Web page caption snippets
Start of Block

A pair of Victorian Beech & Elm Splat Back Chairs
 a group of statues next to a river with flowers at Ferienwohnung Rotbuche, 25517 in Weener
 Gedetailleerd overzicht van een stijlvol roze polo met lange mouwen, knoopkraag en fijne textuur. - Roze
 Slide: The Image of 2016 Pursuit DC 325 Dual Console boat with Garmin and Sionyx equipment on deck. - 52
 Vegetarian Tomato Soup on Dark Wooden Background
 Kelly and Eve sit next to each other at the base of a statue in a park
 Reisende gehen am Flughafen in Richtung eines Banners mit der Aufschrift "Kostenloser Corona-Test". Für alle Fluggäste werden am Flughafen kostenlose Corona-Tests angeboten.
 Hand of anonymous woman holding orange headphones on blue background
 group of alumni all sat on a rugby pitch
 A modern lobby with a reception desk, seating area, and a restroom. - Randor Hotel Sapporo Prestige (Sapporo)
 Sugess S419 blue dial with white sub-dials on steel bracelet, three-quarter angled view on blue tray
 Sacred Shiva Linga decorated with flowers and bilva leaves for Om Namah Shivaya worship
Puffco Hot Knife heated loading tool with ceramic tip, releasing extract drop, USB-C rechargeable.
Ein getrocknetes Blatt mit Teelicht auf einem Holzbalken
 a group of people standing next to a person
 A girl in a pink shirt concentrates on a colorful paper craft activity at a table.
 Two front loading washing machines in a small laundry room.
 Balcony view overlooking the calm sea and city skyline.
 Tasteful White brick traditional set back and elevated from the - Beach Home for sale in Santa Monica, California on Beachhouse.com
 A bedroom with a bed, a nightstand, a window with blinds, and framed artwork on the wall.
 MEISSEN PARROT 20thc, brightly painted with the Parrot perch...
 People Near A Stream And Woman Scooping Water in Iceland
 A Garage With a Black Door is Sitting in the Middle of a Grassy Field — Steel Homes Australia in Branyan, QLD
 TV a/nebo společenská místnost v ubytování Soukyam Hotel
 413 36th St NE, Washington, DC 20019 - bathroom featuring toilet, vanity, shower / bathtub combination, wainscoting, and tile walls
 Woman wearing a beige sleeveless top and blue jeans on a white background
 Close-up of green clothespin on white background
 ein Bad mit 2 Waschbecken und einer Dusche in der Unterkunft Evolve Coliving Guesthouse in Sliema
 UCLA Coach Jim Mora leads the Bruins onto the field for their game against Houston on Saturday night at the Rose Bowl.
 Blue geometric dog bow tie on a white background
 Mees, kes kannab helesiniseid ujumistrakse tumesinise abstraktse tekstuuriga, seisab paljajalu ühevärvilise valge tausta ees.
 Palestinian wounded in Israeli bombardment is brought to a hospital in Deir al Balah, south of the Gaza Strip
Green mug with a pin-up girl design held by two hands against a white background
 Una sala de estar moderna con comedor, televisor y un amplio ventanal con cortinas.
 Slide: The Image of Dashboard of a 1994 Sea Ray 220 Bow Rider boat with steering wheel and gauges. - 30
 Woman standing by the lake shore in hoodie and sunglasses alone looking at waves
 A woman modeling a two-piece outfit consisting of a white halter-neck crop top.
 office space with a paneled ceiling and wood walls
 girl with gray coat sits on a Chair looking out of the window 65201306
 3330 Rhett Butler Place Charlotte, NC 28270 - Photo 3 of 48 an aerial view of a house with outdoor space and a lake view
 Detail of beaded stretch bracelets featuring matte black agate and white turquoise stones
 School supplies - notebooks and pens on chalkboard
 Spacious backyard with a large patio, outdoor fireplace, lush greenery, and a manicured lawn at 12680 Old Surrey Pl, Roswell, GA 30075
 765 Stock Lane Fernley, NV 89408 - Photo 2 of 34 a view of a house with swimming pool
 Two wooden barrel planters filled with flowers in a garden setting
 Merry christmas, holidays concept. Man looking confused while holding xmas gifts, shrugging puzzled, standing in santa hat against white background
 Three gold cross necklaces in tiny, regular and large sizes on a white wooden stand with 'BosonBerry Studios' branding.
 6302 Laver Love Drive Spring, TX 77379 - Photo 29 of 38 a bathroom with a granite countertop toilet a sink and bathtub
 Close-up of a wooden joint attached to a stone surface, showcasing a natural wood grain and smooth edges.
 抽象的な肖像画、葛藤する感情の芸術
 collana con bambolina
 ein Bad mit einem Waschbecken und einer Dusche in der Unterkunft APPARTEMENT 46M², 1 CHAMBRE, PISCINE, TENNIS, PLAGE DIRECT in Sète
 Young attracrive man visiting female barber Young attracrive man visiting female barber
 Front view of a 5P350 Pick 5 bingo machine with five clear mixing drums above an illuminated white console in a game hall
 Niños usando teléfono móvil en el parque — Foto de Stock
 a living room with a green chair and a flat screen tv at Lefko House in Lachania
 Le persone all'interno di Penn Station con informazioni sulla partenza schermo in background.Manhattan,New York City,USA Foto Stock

End of Block

Task to carry out:
Each record above needs to be set down again, word for word.

Answer section:
A pair of Victorian Beech & Elm Splat Back Chairs
 a group of statues next to a river with flowers at Ferienwohnung Rotbuche, 25517 in Weener
 Gedetailleerd overzicht van een stijlvol roze polo met lange mouwen, knoopkraag en fijne textuur. - Roze
 Slide: The Image of 2016 Pursuit DC 325 Dual Console boat with Garmin and Sionyx equipment on deck. - 52
 Vegetarian Tomato Soup on Dark Wooden Background
 Kelly and Eve sit next to each other at the base of a statue in a park
 Reisende gehen am Flughafen in Richtung eines Banners mit der Aufschrift "Kostenloser Corona-Test". Für alle Fluggäste werden am Flughafen kostenlose Corona-Tests angeboten.
 Hand of anonymous woman holding orange headphones on blue background
 group of alumni all sat on a rugby pitch
 A modern lobby with a reception desk, seating area, and a restroom. - Randor Hotel Sapporo Prestige (Sapporo)
 Sugess S419 blue dial with white sub-dials on steel bracelet, three-quarter angled view on blue tray
 Sacred Shiva Linga decorated with flowers and bilva leaves for Om Namah Shivaya worship
Puffco Hot Knife heated loading tool with ceramic tip, releasing extract drop, USB-C rechargeable.
Ein getrocknetes Blatt mit Teelicht auf einem Holzbalken
 a group of people standing next to a person
 A girl in a pink shirt concentrates on a colorful paper craft activity at a table.
 Two front loading washing machines in a small laundry room.
 Balcony view overlooking the calm sea and city skyline.
 Tasteful White brick traditional set back and elevated from the - Beach Home for sale in Santa Monica, California on Beachhouse.com
 A bedroom with a bed, a nightstand, a window with blinds, and framed artwork on the wall.
 MEISSEN PARROT 20thc, brightly painted with the Parrot perch...
 People Near A Stream And Woman Scooping Water in Iceland
 A Garage With a Black Door is Sitting in the Middle of a Grassy Field — Steel Homes Australia in Branyan, QLD
 TV a/nebo společenská místnost v ubytování Soukyam Hotel
 413 36th St NE, Washington, DC 20019 - bathroom featuring toilet, vanity, shower / bathtub combination, wainscoting, and tile walls
 Woman wearing a beige sleeveless top and blue jeans on a white background
 Close-up of green clothespin on white background
 ein Bad mit 2 Waschbecken und einer Dusche in der Unterkunft Evolve Coliving Guesthouse in Sliema
 UCLA Coach Jim Mora leads the Bruins onto the field for their game against Houston on Saturday night at the Rose Bowl.
 Blue geometric dog bow tie on a white background
 Mees, kes kannab helesiniseid ujumistrakse tumesinise abstraktse tekstuuriga, seisab paljajalu ühevärvilise valge tausta ees.
 Palestinian wounded in Israeli bombardment is brought to a hospital in Deir al Balah, south of the Gaza Strip
Green mug with a pin-up girl design held by two hands against a white background
 Una sala de estar moderna con comedor, televisor y un amplio ventanal con cortinas.
 Slide: The Image of Dashboard of a 1994 Sea Ray 220 Bow Rider boat with steering wheel and gauges. - 30
 Woman standing by the lake shore in hoodie and sunglasses alone looking at waves
 A woman modeling a two-piece outfit consisting of a white halter-neck crop top.
 office space with a paneled ceiling and wood walls
 girl with gray coat sits on a Chair looking out of the window 65201306
 3330 Rhett Butler Place Charlotte, NC 28270 - Photo 3 of 48 an aerial view of a house with outdoor space and a lake view
 Detail of beaded stretch bracelets featuring matte black agate and white turquoise stones
 School supplies - notebooks and pens on chalkboard
 Spacious backyard with a large patio, outdoor fireplace, lush greenery, and a manicured lawn at 12680 Old Surrey Pl, Roswell, GA 30075
 765 Stock Lane Fernley, NV 89408 - Photo 2 of 34 a view of a house with swimming pool
 Two wooden barrel planters filled with flowers in a garden setting
 Merry christmas, holidays concept. Man looking confused while holding xmas gifts, shrugging puzzled, standing in santa hat against white background
 Three gold cross necklaces in tiny, regular and large sizes on a white wooden stand with 'BosonBerry Studios' branding.
 6302 Laver Love Drive Spring, TX 77379 - Photo 29 of 38 a bathroom with a granite countertop toilet a sink and bathtub
 Close-up of a wooden joint attached to a stone surface, showcasing a natural wood grain and smooth edges.
 抽象的な肖像画、葛藤する感情の芸術
 collana con bambolina
 ein Bad mit einem Waschbecken und einer Dusche in der Unterkunft APPARTEMENT 46M², 1 CHAMBRE, PISCINE, TENNIS, PLAGE DIRECT in Sète
 Young attracrive man visiting female barber Young attracrive man visiting female barber
 Front view of a 5P350 Pick 5 bingo machine with five clear mixing drums above an illuminated white console in a game hall
 Niños usando teléfono móvil en el parque — Foto de Stock
 a living room with a green chair and a flat screen tv at Lefko House in Lachania
 Le persone all'interno di Penn Station con informazioni sulla partenza schermo in background.Manhattan,New York City,USA Foto Stock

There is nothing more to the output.